By "within the next 20 years" I mean by Sept. 19, 2012. Both bets will be payable on Sept. 22, 2012. Alternatively the loser may pay a geometrically smaller amount earlier, namely 1/5 the owed amount in 1992, 8.38% more each year later.
By "found" I mean its ordinary mathematical usage of having a proof that has convinced a majority of reputable mathematicians. This could not happen for either of these bets unless either the proof were derivable in Z or reputations didn't mean as much in 2012.
If there are sufficiently many takers for either bet I will stop taking bets thereafter. (There is no risk of this happening so far.) I currently have no plans to scale down the amounts of the bets; in the unlikely event this changes I will announce it on sci.math. The most likely change would be $100->$10 and $10,000->$1,000 in bet 1. Pleast let me know by email (pratt at cs.stanford.edu) if you would be interested at that rate but not the current rate.
PROBLEM SPECIFICATION
Let me make the problem underlying the bet very concrete. Here are two easily understandable statements.

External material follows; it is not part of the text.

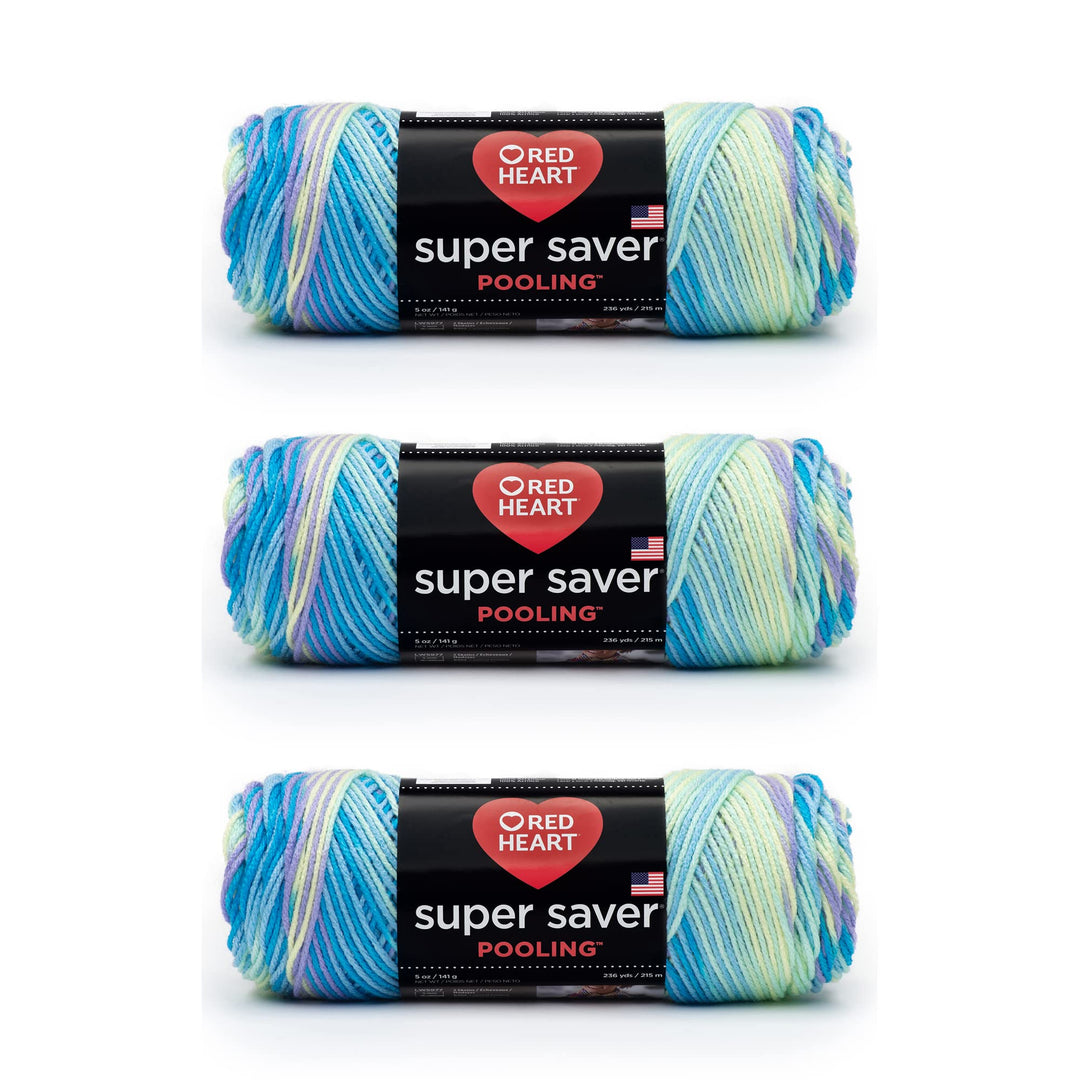 Red Heart Super Saver Garn, 3er-Pack, Stillwater 3 Stück 3 Pack Stillwasser, 3 Pack Stillwasser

A. There exists an NxN 0-1 matrix, N the natural numbers, such that every axiom of ZF is true when the variables in the axiom are interpreted as ranging over N and the membership predicate symbol is interpreted so that i is a member of j iff E[i,j] = 1. (So no need to think about uncountable models, or models containing "sets". On the other hand E is too big to write out explicitly all at once, and quantifiers will take forever to evaluate if done naively!)
B. An ideal computer search for an inconsistency in ZF is guaranteed to succeed in a finite time. (Ideal = correct code and no time or space limits. Bugs are up to you. Space: well, how big a proof do you think you're looking for? Time would seem to be your main obstacle.)

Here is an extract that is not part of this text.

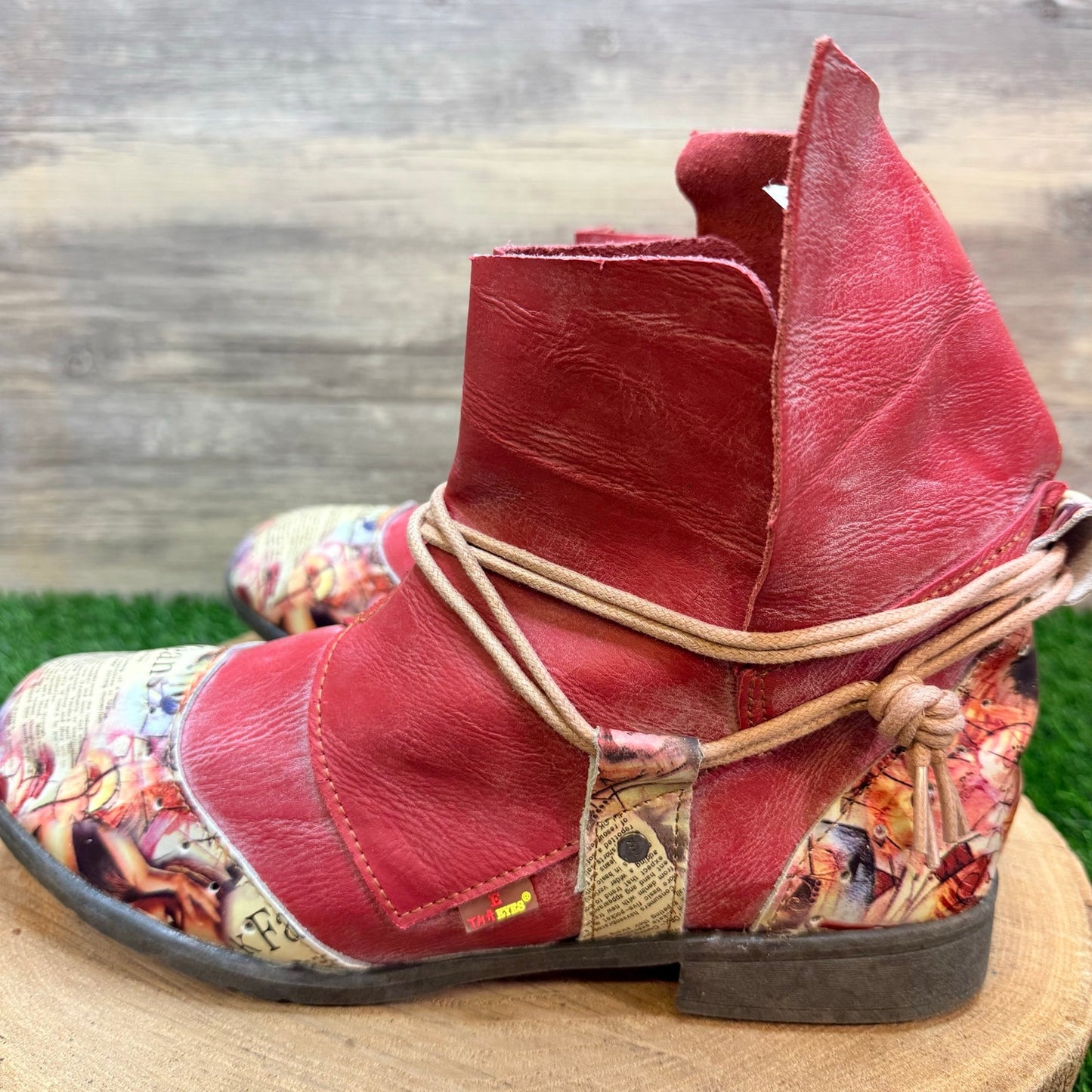 TMA Eyes Women - Size 9.5 - BOHO Newspaper Print Ankle Boots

B is recognizable as asserting the inconsistency of ZF. By completeness of first-order logic, A is asserting the consistency of ZF, i.e. A = not-B.

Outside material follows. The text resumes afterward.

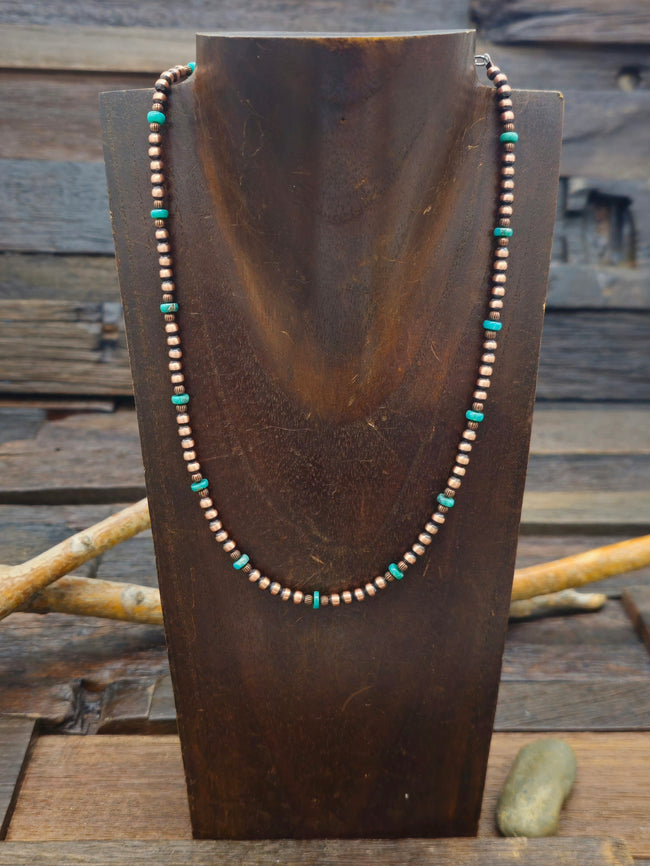 Copper and Turquoise Bead Necklace - 18 in.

Bet 1 is about A vs. B, bet 2 is the same with Z in place of ZF. Z is ZF less F.
We know by Goedel incompleteness that A is not provable in ZF (ditto with Z for ZF everywhere). (On the other hand if either instance of B is provable it is provable in a lot less than Z.) Hence if you plan on trying to prove A you will need some insight about the raw mechanics of A not provable in ZF. As you can see those mechanics are very simple, apart from the big mess of formulas asserting ZF, so you have as good a chance as any mathematician at finding such an insight, possibly more if you don't understand what the axioms mean.
You will find the axioms of ZF explained quite readably as well as formally in Shoenfield's article, pp. 321-341 of Barwise's "Handbook of Mathematical Logic", North Holland, and only formally (!) as Axioms 1-6 in Takeuti and Zaring, "Introduction to Axiomatic Set Theory" Springer-Verlag (my formal statement of F is their Axiom 5, Shoenfield's version of F is oversimplified).
I would of course appreciate hearing about any substantive discrepancies between these two axiomatizations.
This is pretty much the complete specification of the problem as I understand it.